Proper construction of LID features is as important, if not more so, than designing it. For example, in order to successfully construct bio-retention cells and bio-swales, the following factors must be taken into consideration:

  • Construction of the bio-retention areas should begin only after the drainage area is stabilized, limiting the amount of sediment entering the features. Temporary controls such as diversion dikes and/or silt fencing may be needed to divert storm-water away from the bio-retention area until its construction is completed.
  • Excavation and other construction equipment should not be allowed to operate within the bioretention area to minimize compaction of the subgrade soils.
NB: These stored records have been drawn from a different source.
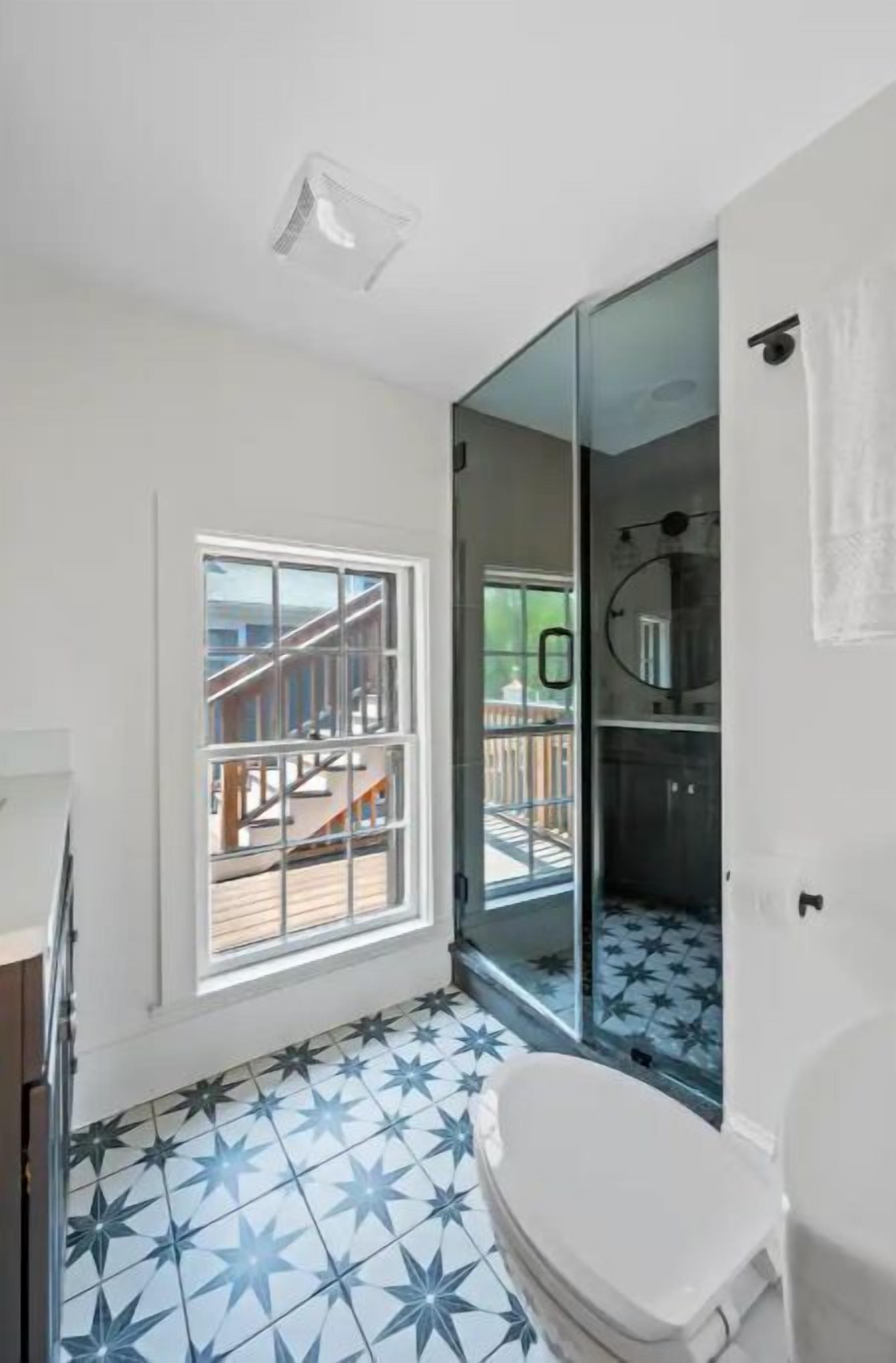 Een badkamer met een vloer met stervormig patroon, een toilet, een glazen douchecabine en een raam met uitzicht op een houten terras en een trap.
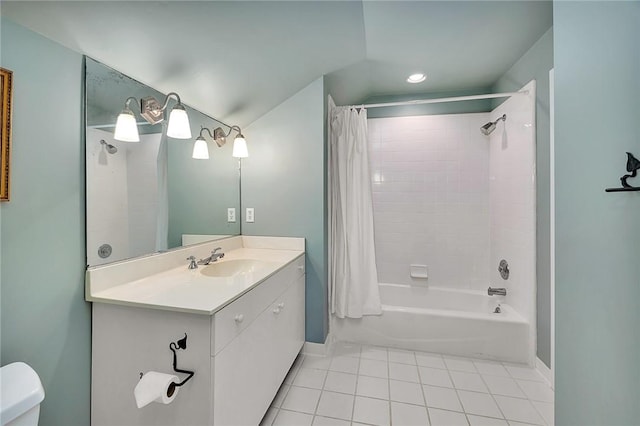 full bathroom featuring vanity, shower / tub combo with curtain, tile patterned floors, and toilet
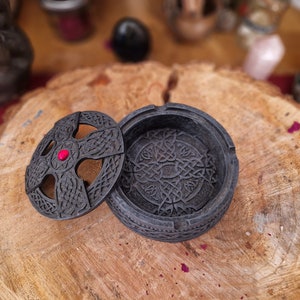 Pode incluir: Uma caixa de joias preta com um design de n&oacute; celta e um acento de joia vermelha na tampa. A caixa est&aacute; aberta e a tampa est&aacute; apoiada em uma superf&iacute;cie de madeira.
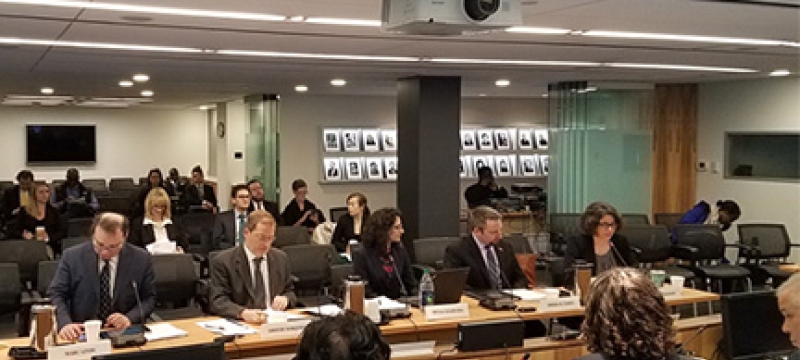 people seated in a briefing room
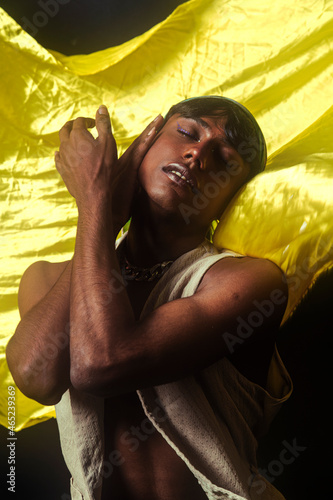 Photography Two Malaysian Indian men in a studio setting with cloth flying in the background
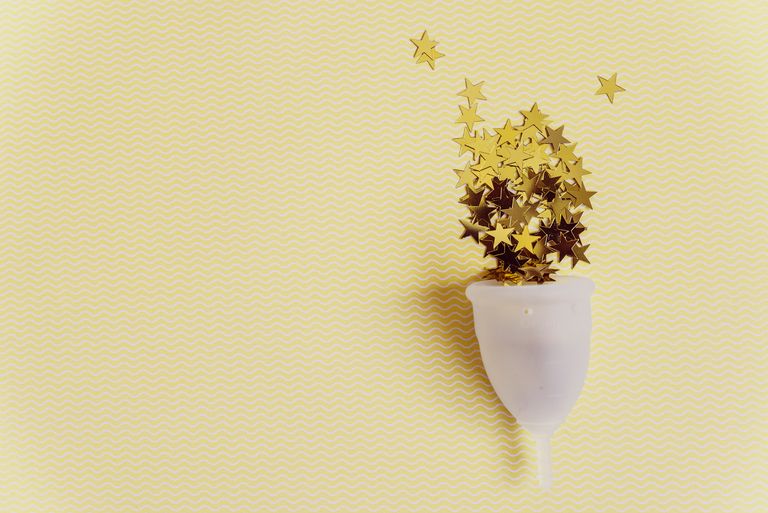 Menstrual cup with sparkling stars on yellow background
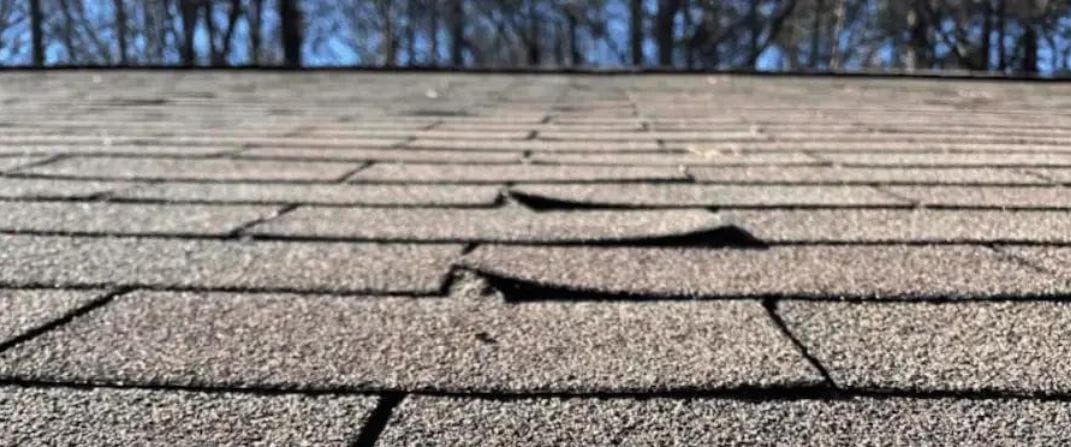 Close-up of gray and reddish-brown roof shingles with a diagonal seam.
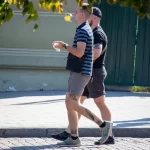 Фото тату на руке мужчины, выполненное в стиле олдскул. Изображены розы и надпись, выполненные черными чернилами. Уличная фотография.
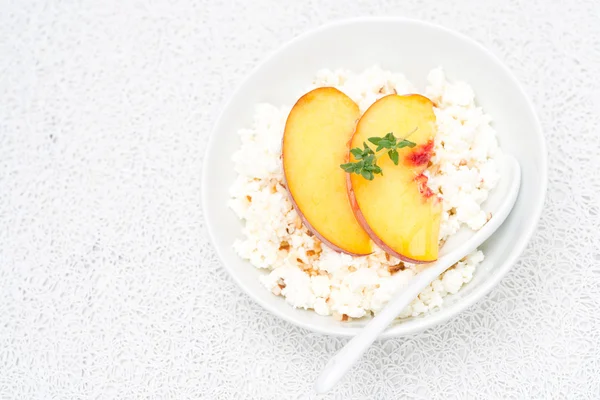 Cottage cheese with honey, nuts, fresh peaches and thyme — Stock Photo, Image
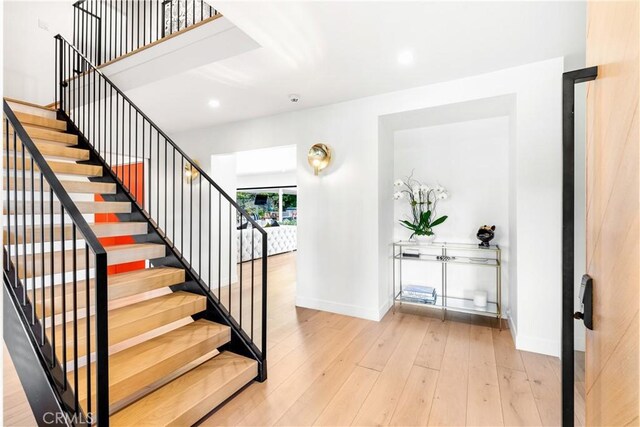 19258 Berclair Ln, Tarzana, CA 91356 - staircase with wood-type flooring and recessed lighting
  • Permeability testing of the subgrade soil is required prior to the installation of the stone storage layers and other materials. Ripping or scarification of the subgrade soils within the bioretention area may be required to promote infiltration.
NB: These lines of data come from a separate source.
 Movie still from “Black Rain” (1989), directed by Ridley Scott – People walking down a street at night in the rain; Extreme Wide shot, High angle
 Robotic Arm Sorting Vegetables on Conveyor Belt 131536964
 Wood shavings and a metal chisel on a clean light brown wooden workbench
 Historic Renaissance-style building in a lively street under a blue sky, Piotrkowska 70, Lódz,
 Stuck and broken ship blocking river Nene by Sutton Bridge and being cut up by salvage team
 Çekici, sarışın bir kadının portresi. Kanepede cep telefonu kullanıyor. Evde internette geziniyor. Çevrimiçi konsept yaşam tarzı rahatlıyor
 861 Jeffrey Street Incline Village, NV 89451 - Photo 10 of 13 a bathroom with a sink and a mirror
  • The “bioretention soils” placed within the BMPs must conform to local and national standards and should consist of “base loam, organic material and sand.”
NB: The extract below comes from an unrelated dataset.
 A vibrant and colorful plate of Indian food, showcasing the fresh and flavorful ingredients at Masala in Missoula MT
As part of a design-build team, KCI managed, designed and built a showcase bioretention facility at the Abingdon Branch of the Harford County Library in Maryland. This location serves as a central hub for community programs and offered a high visibility location—the perfect venue to provide water quality treatment and raise public awareness. The bioretention facility was designed as a centerpiece teaching tool around which an educational campaign including public workshops were implemented.

Pavement
For permeable and porous pavement projects, the quality of materials, proper application, and soil conditions are critical to the long-term performance of the pavements and/or pavers (hardscape surfaces). In addition to proper pavement mixes and construction methods, other elements of the design critical to the function of filtering and retaining stormwater are subgrade soil permeability, proper bedding aggregate size and thickness, and the use of underdrains. The aggregate layers required below porous pavement sections for both asphalt and concrete consist of a filter layer, a reservoir layer and a choker layer overlain by the porous pavement layer(s). Subgrade permeability is of upmost importance for the permeable pavements to function properly. Infiltration rates of the subgrade soils must be confirmed by performing field permeability testing after excavation, but prior to placing aggregates or filter fabric.

In Washington, DC, KCI provided construction management services for the reconstruction of Permeable “Green” Alleys.  Work for this project included the removal of existing alleys made with non-permeable material and replacing them with permeable concrete, which provided the area with a more environmentally friendly method to control runoff. At the time, DC was only the second city in the nation to develop green alleys. New storm drain piping and connections to existing structures were included in order to eliminate excess water not readily absorbed into the ground water table. The pervious pavement sections were eight-inch sections on compacted gravel, with a centrally located perforated drainage system to carry off any excess runoff.